Website Planning Process – Part 1

Learn what to do before getting a business website or blog built and includes a printable/downloadable version of the Website Planning Process chart. 

Website DesignThis is Part 1 of a three-part article series about how to plan your website or blog.

Are you considering the idea of getting a web site for your business?

If so, one of the many decisions you have to make is if you should build this website yourself, or get someone else to help build the site for you.
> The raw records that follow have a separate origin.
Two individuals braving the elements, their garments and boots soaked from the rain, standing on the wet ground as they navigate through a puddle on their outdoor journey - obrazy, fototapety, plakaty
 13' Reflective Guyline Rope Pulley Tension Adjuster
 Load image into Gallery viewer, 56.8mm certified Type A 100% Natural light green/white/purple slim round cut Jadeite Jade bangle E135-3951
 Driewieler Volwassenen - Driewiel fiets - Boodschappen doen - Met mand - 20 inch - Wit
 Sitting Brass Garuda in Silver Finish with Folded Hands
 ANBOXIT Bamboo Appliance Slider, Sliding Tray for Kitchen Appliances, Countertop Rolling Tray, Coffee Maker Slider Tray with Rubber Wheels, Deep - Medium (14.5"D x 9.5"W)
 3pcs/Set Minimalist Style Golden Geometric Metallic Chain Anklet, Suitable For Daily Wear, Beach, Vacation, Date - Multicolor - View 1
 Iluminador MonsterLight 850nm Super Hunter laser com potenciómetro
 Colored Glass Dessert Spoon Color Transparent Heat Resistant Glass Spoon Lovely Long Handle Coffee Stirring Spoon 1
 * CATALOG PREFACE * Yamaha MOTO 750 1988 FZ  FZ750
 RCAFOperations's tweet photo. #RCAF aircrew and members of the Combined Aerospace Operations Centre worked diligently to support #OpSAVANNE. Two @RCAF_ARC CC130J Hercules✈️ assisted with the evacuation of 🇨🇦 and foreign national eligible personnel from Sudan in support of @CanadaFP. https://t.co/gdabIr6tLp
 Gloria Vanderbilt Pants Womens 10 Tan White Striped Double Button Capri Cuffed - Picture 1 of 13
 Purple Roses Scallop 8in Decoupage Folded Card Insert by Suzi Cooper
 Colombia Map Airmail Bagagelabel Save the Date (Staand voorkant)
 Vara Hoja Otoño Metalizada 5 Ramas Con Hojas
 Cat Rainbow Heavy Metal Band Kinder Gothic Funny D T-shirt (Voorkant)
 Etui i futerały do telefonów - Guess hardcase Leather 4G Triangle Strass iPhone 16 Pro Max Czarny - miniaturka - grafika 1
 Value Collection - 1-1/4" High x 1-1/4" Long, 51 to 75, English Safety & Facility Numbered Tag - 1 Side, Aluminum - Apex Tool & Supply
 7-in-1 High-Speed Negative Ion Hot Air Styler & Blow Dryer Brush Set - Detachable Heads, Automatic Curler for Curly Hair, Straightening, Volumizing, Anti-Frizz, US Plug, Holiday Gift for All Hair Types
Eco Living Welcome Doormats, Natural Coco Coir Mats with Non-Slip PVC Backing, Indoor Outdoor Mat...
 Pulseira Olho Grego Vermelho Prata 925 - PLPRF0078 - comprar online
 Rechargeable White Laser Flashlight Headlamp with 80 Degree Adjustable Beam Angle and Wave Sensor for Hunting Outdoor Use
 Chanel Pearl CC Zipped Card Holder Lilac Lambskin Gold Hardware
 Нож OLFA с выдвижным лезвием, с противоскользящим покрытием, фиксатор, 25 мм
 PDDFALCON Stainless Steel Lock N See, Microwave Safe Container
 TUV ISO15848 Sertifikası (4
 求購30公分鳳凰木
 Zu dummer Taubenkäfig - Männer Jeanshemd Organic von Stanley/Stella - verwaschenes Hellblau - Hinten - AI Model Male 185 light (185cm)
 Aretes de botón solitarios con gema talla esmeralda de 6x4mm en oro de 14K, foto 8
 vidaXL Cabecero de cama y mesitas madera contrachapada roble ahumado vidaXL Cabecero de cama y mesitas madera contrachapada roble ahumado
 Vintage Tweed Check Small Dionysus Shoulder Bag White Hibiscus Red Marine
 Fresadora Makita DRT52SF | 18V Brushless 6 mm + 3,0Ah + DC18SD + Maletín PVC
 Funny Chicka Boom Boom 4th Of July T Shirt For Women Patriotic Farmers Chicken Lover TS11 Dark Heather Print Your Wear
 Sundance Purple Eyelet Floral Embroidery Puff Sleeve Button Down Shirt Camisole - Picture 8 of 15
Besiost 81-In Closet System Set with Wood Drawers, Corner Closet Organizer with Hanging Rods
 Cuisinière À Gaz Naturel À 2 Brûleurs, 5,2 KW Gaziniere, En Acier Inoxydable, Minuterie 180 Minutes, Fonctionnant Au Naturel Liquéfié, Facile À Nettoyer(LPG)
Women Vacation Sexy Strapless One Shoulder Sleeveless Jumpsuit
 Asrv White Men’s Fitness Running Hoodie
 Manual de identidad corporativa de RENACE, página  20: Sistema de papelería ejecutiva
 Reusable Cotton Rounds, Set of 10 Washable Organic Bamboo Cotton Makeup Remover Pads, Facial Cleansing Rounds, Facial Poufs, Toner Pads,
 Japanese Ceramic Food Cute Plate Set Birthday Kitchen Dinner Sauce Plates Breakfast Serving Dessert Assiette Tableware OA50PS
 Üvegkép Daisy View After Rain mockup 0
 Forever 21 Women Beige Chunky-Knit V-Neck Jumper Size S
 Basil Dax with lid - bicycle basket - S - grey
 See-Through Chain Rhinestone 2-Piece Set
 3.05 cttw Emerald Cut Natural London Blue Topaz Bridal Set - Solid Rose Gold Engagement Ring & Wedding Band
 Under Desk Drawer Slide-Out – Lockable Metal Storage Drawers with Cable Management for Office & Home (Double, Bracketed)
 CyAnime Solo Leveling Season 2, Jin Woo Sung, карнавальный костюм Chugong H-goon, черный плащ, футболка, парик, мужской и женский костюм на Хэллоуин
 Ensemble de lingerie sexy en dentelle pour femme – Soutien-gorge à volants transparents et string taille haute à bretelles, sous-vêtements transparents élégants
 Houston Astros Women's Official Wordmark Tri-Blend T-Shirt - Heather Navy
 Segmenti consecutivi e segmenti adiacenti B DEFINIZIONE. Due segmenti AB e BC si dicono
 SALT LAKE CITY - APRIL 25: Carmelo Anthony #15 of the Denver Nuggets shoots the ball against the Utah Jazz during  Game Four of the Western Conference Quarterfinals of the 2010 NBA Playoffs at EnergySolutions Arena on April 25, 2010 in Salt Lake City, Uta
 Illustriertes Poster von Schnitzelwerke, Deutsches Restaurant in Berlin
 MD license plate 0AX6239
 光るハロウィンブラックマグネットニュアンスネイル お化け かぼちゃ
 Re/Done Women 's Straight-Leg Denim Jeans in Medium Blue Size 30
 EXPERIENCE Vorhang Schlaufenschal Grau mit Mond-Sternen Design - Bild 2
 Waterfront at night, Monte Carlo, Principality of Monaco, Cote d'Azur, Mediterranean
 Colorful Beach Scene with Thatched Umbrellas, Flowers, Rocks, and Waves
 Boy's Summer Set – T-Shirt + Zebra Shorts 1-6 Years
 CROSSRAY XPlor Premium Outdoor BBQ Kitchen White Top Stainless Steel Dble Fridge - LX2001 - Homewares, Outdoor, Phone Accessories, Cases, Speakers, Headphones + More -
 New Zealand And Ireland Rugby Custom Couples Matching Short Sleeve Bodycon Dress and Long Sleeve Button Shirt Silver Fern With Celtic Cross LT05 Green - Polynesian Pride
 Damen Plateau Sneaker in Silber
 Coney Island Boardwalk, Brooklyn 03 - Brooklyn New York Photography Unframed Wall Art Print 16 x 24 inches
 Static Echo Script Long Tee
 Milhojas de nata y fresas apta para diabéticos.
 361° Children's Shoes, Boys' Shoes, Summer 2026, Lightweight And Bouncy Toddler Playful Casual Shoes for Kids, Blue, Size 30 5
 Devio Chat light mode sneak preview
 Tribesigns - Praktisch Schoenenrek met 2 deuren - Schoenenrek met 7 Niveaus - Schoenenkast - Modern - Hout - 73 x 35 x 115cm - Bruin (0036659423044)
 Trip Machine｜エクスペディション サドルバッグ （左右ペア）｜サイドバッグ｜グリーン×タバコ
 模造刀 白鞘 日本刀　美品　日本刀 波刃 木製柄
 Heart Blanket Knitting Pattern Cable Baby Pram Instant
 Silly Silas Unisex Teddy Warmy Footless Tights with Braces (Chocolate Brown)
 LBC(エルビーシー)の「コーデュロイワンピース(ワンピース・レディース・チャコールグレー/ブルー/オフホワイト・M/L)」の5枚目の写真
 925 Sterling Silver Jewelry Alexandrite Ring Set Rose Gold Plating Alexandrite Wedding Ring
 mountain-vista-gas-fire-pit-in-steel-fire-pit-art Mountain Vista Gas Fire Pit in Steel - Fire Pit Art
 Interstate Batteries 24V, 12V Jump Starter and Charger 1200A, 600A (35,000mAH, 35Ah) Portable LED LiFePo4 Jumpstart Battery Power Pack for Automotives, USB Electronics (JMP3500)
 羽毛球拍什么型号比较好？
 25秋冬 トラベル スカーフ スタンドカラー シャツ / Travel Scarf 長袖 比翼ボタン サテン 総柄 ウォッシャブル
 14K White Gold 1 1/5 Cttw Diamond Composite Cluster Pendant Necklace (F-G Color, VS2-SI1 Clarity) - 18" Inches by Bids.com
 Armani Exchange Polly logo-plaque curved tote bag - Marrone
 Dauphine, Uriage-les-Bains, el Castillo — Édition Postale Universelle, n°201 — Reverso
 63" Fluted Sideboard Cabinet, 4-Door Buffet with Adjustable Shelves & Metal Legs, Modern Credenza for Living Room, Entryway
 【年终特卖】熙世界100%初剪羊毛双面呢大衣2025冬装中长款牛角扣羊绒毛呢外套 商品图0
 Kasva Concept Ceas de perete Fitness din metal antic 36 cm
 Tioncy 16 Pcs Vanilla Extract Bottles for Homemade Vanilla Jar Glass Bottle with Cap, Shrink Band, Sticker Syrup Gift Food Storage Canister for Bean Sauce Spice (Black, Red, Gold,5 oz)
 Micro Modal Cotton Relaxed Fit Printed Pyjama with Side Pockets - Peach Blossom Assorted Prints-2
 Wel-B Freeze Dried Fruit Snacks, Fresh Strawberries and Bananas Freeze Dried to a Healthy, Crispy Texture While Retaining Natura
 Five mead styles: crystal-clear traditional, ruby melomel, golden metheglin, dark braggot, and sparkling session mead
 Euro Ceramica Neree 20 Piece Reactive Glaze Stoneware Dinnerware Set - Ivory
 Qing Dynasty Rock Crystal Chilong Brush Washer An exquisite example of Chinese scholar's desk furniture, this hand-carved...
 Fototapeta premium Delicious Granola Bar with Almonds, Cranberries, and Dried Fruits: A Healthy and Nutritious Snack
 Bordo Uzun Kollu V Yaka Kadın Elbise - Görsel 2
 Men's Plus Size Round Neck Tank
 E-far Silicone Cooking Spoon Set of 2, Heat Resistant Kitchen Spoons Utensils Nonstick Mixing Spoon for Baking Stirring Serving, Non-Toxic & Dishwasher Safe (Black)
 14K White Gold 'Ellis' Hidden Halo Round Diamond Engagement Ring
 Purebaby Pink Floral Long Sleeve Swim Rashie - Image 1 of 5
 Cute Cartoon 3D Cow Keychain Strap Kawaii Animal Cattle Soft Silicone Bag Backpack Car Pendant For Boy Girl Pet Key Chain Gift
Both choices have pros and cons. Whatever choice you select will depend on a number of factors like:

  • Marketing budget
  • How much time you have available
  • Your business needs and priorities
  • How soon you need your site to be up and running
  • Your technical skills
  • Your level of commitment to manage the project
  • etc …

If you have a small budget and you want to save money, you could opt to create your website yourself, but it goes without saying that you will then need to spend some time learning how to put your site together.

Practical Tip

Before planning your website you need to plan your digital business and ask questions about the capabilities of your business to manage and grow a digital presence.

To help small businesses plan an effective digital presence, we have published an e-book called “The Small Business Digital Manager.”

‘The Small Business Digital Manager’ looks at why most small businesses end up with an unmanageable web presence almost as soon as they take their business online and why this leads to poor results, and shows you how to be in control of your digital business processes and get better results online using a systematic and doable approach.

In addition to the book, we have also developed a comprehensive online course that will help you implement a practical and effective digital plan for your business.

For more details, go here: The Small Business Digital Manager – How To Get Better Results Online

A Basic Guide To Website Planning

Whether you decide to build a website yourself or get it built by someone else, the first crucial step is to get some good website planning done. In this blog post, we explain why planning your small business website is important and what to do before you spend your money getting a web site.

A Money-Saving Guide To Web Site Planning For Non-Technical Business Owners

Website planning is considered by many web strategists as being the most important part of the whole process of getting a website built. Taking time to plan your website at the beginning helps to avoid costly mistakes later and can help create a better end product.

In this article, we provide a comprehensive primer for non-technical users designed to help you better understand the website planning process. We will also cover what to do and what not to do when planning a website or blog, and give you tips on how to talk to your web developer to make sure that you end up with a great website that you will truly be happy with.

Important

Important: Before even thinking of setting up a website or registering a domain for your digital business, it’s absolutely important that you first research your market.

Building a successful online business presence requires more than just getting a professional web site built. It also requires in addition to many other things, a commitment to develop and successfully implement an ongoing web marketing strategy.

The Site Planning Process Explained

So … you need an online presence.

Let’s start, then, by gaining a better understanding of the website planning process.

Before doing anything else, study the flowchart below, and let’s work through the information in this section together.

Note: Click on the image or the link below the image to enlarge the chart.

A Money-Saving Guide To Website Planning For Business Owners

(click here to view a larger-sized image)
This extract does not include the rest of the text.